10. (C) Unconfirmed media reports stated Prime Minister Hun Sen's brother, Kampong Cham province governor Hun Neng, issued an open-ended threat to any Global Witness staff who comes to Cambodia that he would "hit them until their heads are broken." Kek Galabru XXXXXXXXXXXX told Poloff most Global Witness staff left the country in anticipation of threats and before the recent report was published. WildAid Program Manager Michelle Owen said that other environmental NGOs in Cambodia decided not to publicly support or confirm any of Global Witness's findings specifically because they worry the RGC might retaliate against them. USAID-funded WildAid operates on a working-level with Forest Administration rangers and military police to conduct confiscations of luxury wood and other natural products. Owen said the WildAid does not face many threats or intimidation in their day-to-day work. However, she says there have been a few violent incidents in the past year when she has wondered if someone with government connections might be involved.
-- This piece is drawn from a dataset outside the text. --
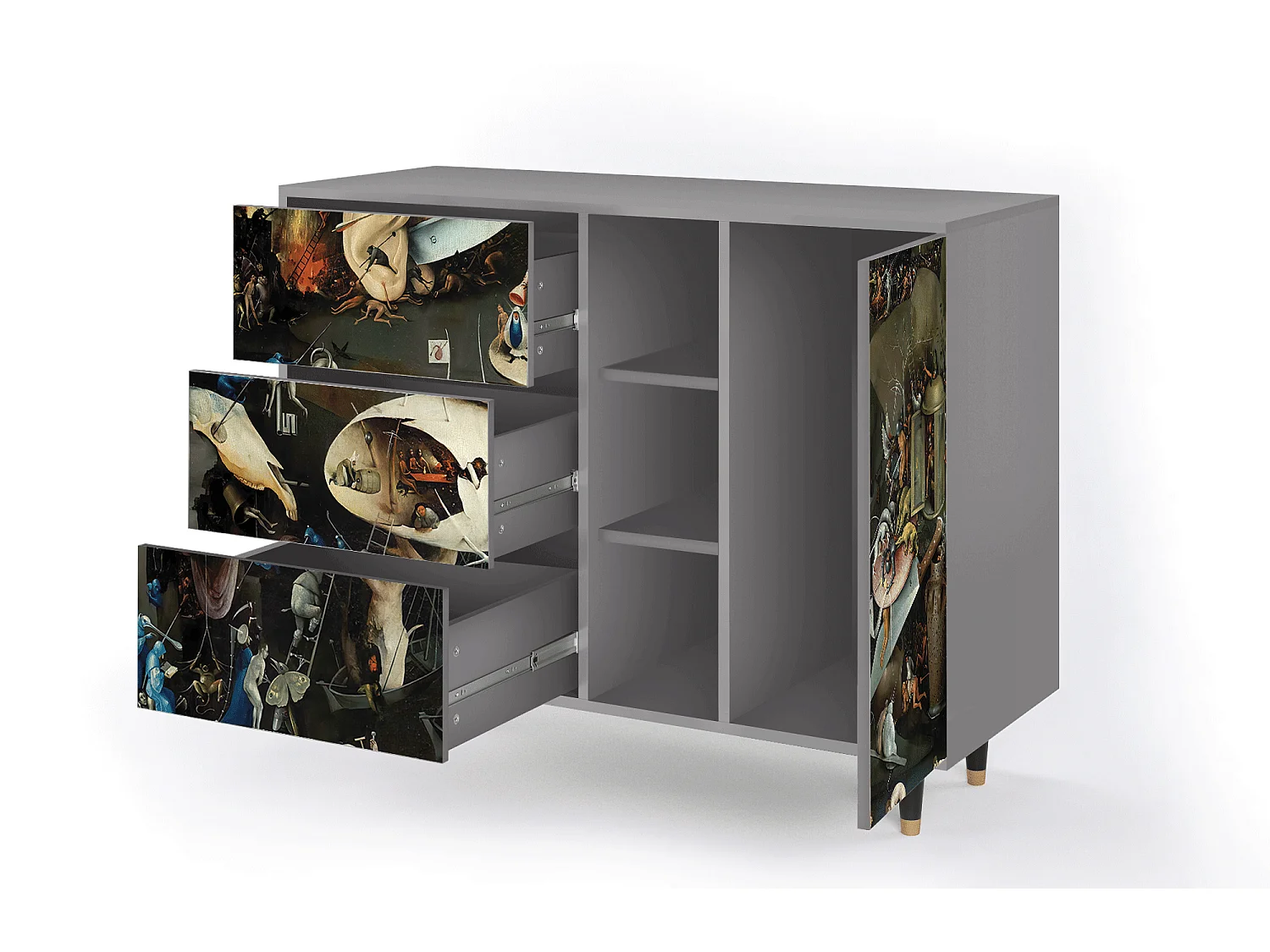 Buffet - 125x98x48 cm - BS2 - The Garden 2, Gris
On the other hand, WildAid's director insists that the highest level of the RGC are always responsive to her concerns and have intervened to assist in protecting the areas under WildAid management.
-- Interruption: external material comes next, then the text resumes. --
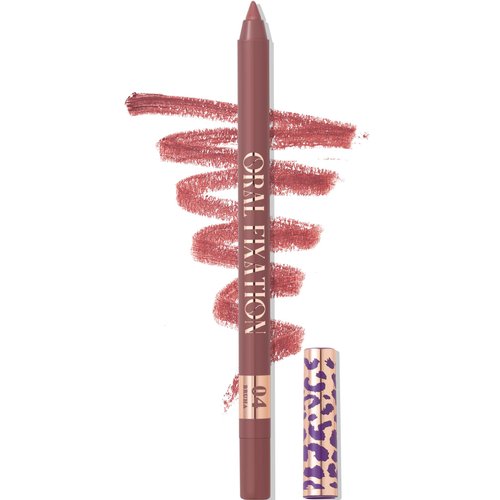 SELESTIA BEAUTY Lip Liner Oral Fixation - Long-lasting & Waterproof Lip Pencil Liner for Precision Application with Sharpenable Tip (BRUHA)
11. (SBU) The mission of watchdog groups such as Global Witness demands they make public allegations of corruption and harmful government activities. However, in the Cambodian culture, like other Southeast Asian cultures, such an approach to problems often only serves to shut down communication. The public calling out of government officials does not give them an opportunity to "save face," as is so important in Khmer society. Arguably, Global Witness can have adverse effects on their own cause by working outside cultural norms. The Global Witness report itself tells of Cambodia's unchecked forest degradation by government officials despite Global Witness's past efforts. The Danish assistance organization, Danida, stated in their 2007 Atlas of Cambodia that forest changes accelerated more between 2002 and 2005 than in previous periods. Global Witness's method of approach has alienated the Cambodian Government and has not prevented damage to Cambodia's forests. Unlike the watchdog groups, other environmental NGOs such as WildAid use quieter tactics and tend to work together with the Cambodian Government to reach their ecological goals.